The downloaded second-stage binary for macOS is a C++ RAT that fingerprints the system and sends a beacon to a remote server every 60 seconds to retrieve commands for subsequent execution. Supports functionality such as executing additional payloads, executing shell commands, enumerating file systems, and terminating RATs.
Once the main payload is launched, the Node.js malware also takes steps to perform three forensic cleanup steps: remove the postinstallation script from the installed package directory, remove “package.json” that references the postinstallation hook to launch the dropper, and rename “package.md” to “package.json”.
Notice that the “package.md” file is included in “plain-crypto-js” and is a clean “package.json” manifest without the post-install hook that would cause the entire attack. The idea when switching package manifests is to avoid raising any red flags during post-infection inspection of the package.
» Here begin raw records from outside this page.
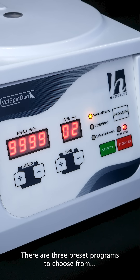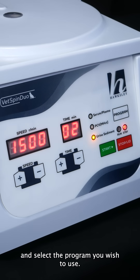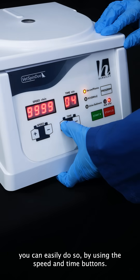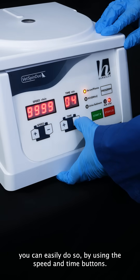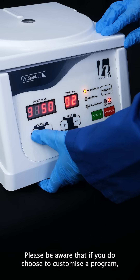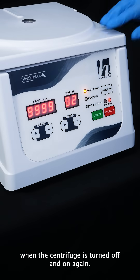There are three preset programs to choose from: plasma, hematocrit and urine sediment. Press the program button to cycle between each preset and select the program you wish to use. If you'd like to adjust the settings on these, you can easily do so by using the speed and time buttons. Please be aware that if you do choose to customize a program, this will be reset when the centrifuge is turned off and on again.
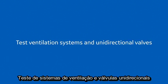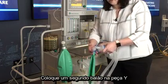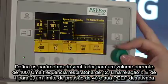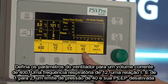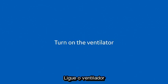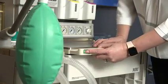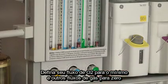Test ventilation systems and unidirectional valves. Place a second breathing bag on the Y piece. Set ventilator parameters to a tidal volume of 400, a respiratory rate of 12, an I:E ratio of 1 to 2, a pressure limit of 40, and PEEP to off. Turn on the ventilator. Move the bag-to-vent switch to the vent position. Fill the bellows and the breathing bag with O2. Set your O2 flow to minimum and other gas flows to zero.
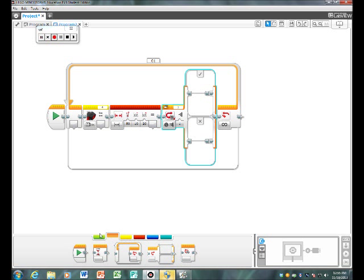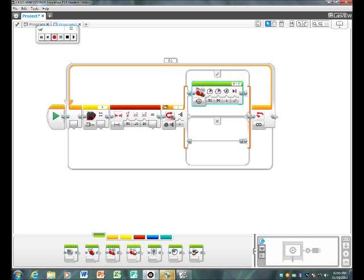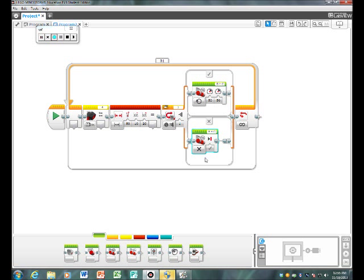Then go back into action and select two move tanks to put there and there. The first one will turn it on and the second one you need to turn off, then it'll stop when it gets too close to the cuboid.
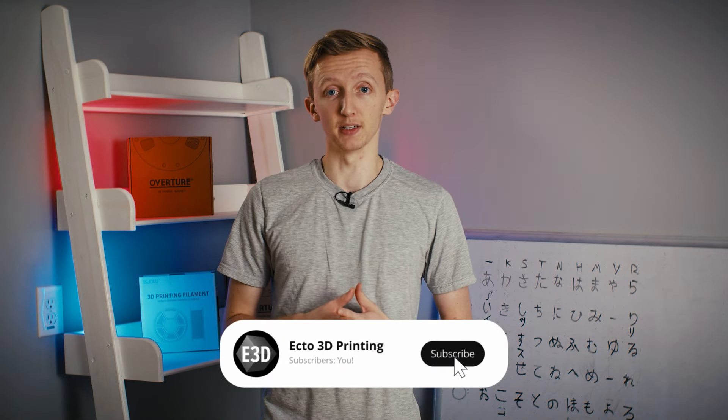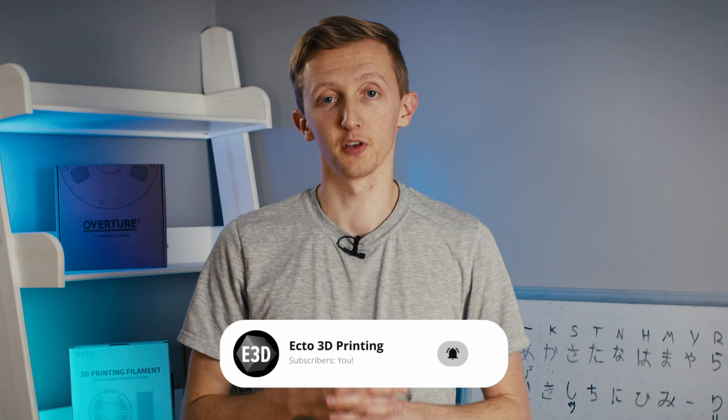Welcome to Ecto 3D Printing. On this channel, we will be experiencing everything to do with the Anchormake M5 and documenting my journey to the center of the 3D printing earth. I am a complete noob, but we're going to learn together.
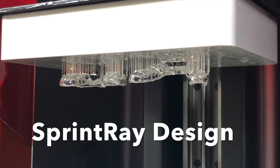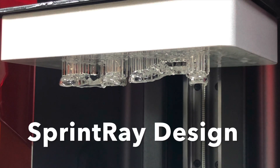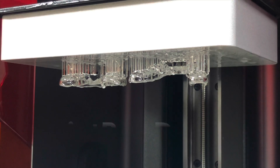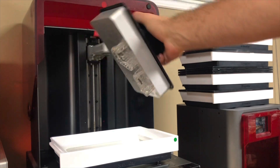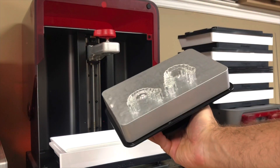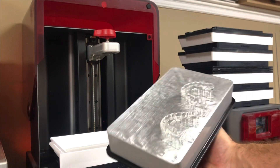This is a pretty quick and fast way to get a biplane made — from an original scan, then modifying that scan, getting the proper resin, putting it into the Sprint Ray printer, and then pushing print. It's pretty amazing technology, fun to do.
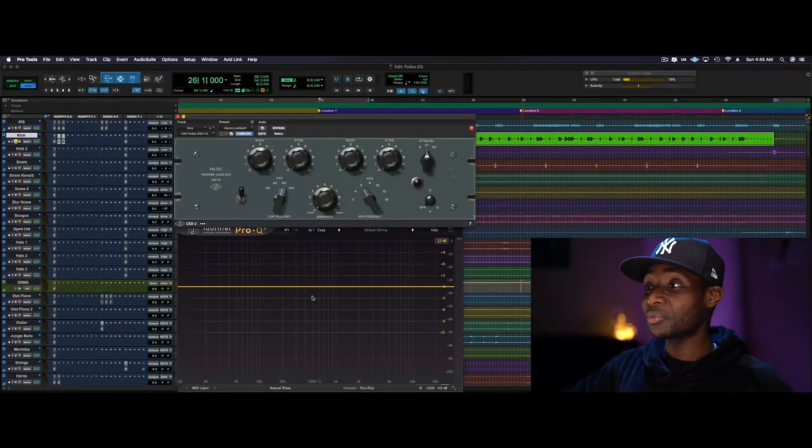All right, so I'm going to show you what it sounds like when you boost and cut at the same time. We also have a spectral analyzer right below to help us with some visuals as to what's happening in the low mids when you start boosting.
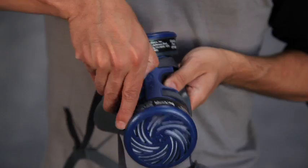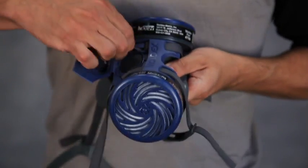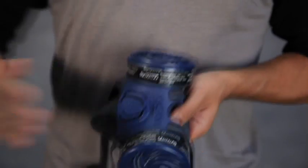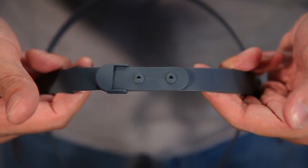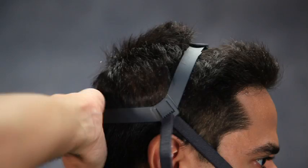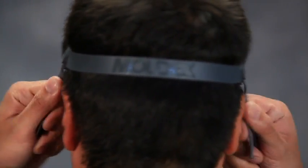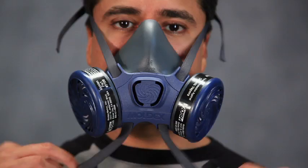The Moldex 7000 also offers a drop-down mode option. Open the valve cover by pulling up on the latch. Pull the straps out from underneath the locking tabs in the strap channel, then close and snap shut the valve cover. Adjust the head cradle size so it rests comfortably on the crown of the head. Attach the bottom straps directly against the back of your neck, then position the head cradle on the crown of the head. Tighten the top straps first and then the lower neck straps to obtain a very snug and leak-free fit. To remove in drop-down mode, unbuckle the lower buckle and drop down the mask. Fold the head cradle at the living hinges to lay it flat and comfortably behind the neck.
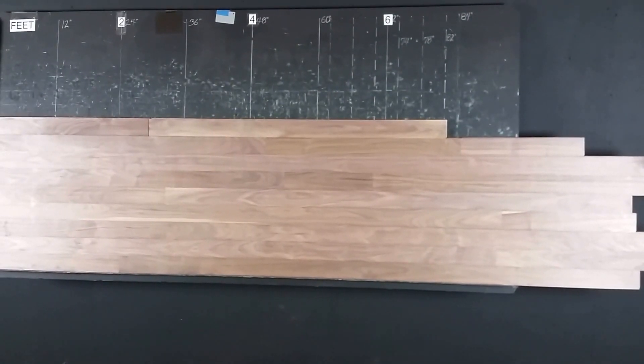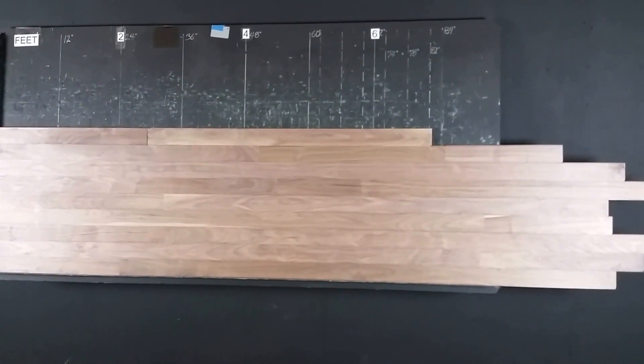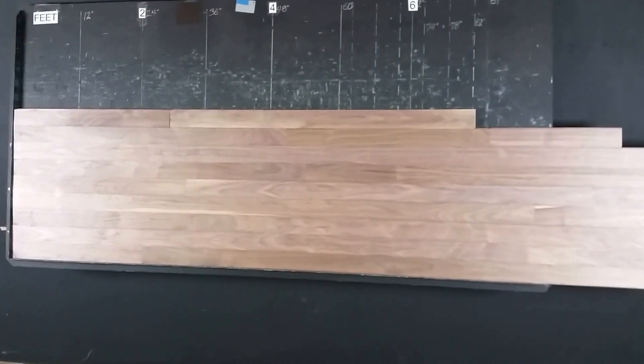Hardwoods for Less, thanks for watching. We're looking at 3 inch by 3 quarter inch walnut, also known as black walnut or American walnut. This is unfinished. This is a select and better grade.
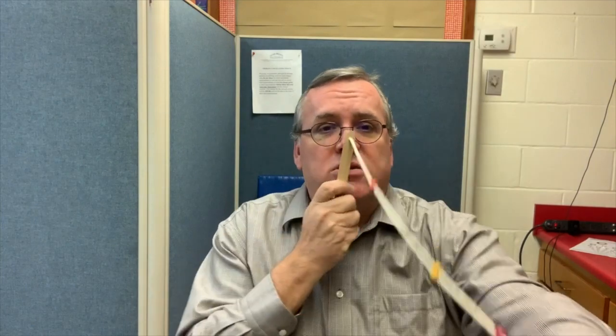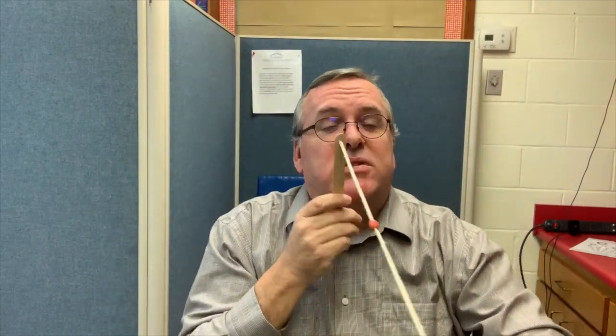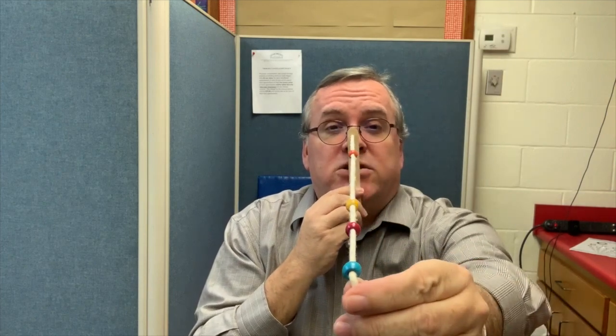In the clinic, my Brock string has a popsicle stick on the end to keep the child's hand away from their eyes. We're going to hold this up, hold the other end, and watch their eyes to see what they're doing. We're going to have them look at the furthest bead.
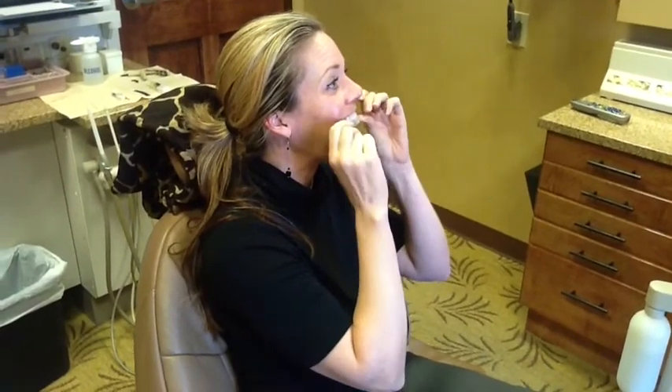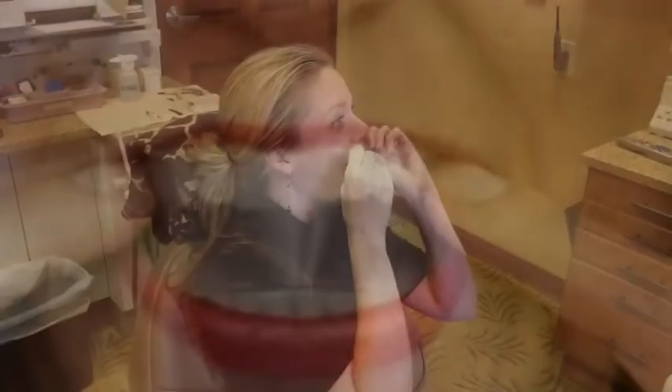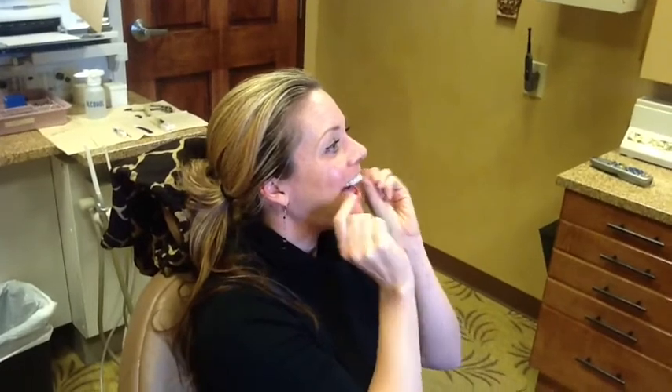Once we've done that, we'll fold it around to the lingual side, or the side where the tongue is. Then we'll take our forefinger or thumb and go around and press the strip down. We can then take the white tool that comes with the Sheer White, or your fingernail, and press it in approximately. This will ensure that we whiten the entire tooth.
“Both malicious versions do not contain a single line of malicious code inside Axios itself,” StepSecurity said. “Instead, both inject a bogus dependency, plain-crypto-js@4.2.1. This package is not imported anywhere in the Axios sources. Its sole purpose is to run a post-installation script that deploys a cross-platform remote access Trojan (RAT).”
We recommend that users take the following actions to confirm a breach:
Check the malicious Axios version. Check for RAT artifacts: “/Library/Caches/com.apple.act.mond” (macOS), “%PROGRAMDATA%\wt.exe” (Windows), and “/tmp/ld.py” (Linux). Downgrade to Axios version 1.14.0 or 0.30.3. Delete “plain-crypto-js” from the “node_modules” directory. If a RAT artifact is detected, assume a compromise and rotate all credentials on the system. Audit your CI/CD pipeline for runs that have the affected version installed. Block outgoing traffic to the command and control domain (“sfrclak[.]com”)
Socket said its own attack analysis identified two additional packages that distribute the same malware through vendor dependencies.
In the case of “@shadanai/openclaw”, the malicious “plain-crypto-js” package is embedded deep in the vendor’s path. Meanwhile, “@qqbrowser/openclaw-qbot@0.0.130” ships a modified “axios@1.14.1” in its node_modules.
“Actual axios has only three dependencies (follow-redirects, form-data, proxy-from-env),” the supply chain security firm said. “The addition of plain-crypto-js is a clear tampering. When npm processes this vendor’s axios, plain-crypto-js is installed and triggers the same malicious post-installation chain.”